Saved data entries
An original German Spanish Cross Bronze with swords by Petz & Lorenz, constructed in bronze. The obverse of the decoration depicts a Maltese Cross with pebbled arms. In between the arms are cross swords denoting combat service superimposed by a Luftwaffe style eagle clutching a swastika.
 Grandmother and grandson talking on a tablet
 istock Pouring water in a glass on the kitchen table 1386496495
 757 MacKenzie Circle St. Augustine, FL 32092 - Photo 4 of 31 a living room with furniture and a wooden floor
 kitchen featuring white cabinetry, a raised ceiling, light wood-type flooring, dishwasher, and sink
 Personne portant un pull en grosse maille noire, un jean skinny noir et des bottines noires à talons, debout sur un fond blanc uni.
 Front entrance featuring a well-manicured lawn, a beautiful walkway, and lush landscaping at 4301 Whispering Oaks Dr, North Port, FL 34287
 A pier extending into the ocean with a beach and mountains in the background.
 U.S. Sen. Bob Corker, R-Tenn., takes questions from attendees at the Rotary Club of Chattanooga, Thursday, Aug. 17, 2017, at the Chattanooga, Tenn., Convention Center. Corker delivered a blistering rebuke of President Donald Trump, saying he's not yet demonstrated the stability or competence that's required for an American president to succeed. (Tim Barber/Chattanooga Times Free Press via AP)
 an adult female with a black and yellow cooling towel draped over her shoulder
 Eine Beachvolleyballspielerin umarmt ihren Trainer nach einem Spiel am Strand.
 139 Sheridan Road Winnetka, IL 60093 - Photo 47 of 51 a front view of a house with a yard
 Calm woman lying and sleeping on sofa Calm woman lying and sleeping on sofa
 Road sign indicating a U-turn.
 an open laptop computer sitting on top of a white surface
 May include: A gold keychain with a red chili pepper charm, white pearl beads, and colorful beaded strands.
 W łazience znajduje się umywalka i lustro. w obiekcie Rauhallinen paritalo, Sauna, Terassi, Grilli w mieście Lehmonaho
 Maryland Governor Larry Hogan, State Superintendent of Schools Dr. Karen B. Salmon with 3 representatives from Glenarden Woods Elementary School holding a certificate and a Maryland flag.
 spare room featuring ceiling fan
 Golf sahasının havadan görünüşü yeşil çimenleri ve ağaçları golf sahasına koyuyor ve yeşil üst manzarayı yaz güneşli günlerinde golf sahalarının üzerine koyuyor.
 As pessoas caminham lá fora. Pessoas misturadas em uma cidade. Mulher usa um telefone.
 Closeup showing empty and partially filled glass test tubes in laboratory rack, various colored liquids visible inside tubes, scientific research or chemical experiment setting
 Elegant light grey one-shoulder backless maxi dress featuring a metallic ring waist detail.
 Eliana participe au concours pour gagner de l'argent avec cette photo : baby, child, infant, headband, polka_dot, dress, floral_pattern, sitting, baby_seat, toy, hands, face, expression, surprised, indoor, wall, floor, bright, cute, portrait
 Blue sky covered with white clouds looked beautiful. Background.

* **Task goal**
The answer to this exercise is one number: how many lines of the records above contain the string "white".

* **Response for this exercise**
4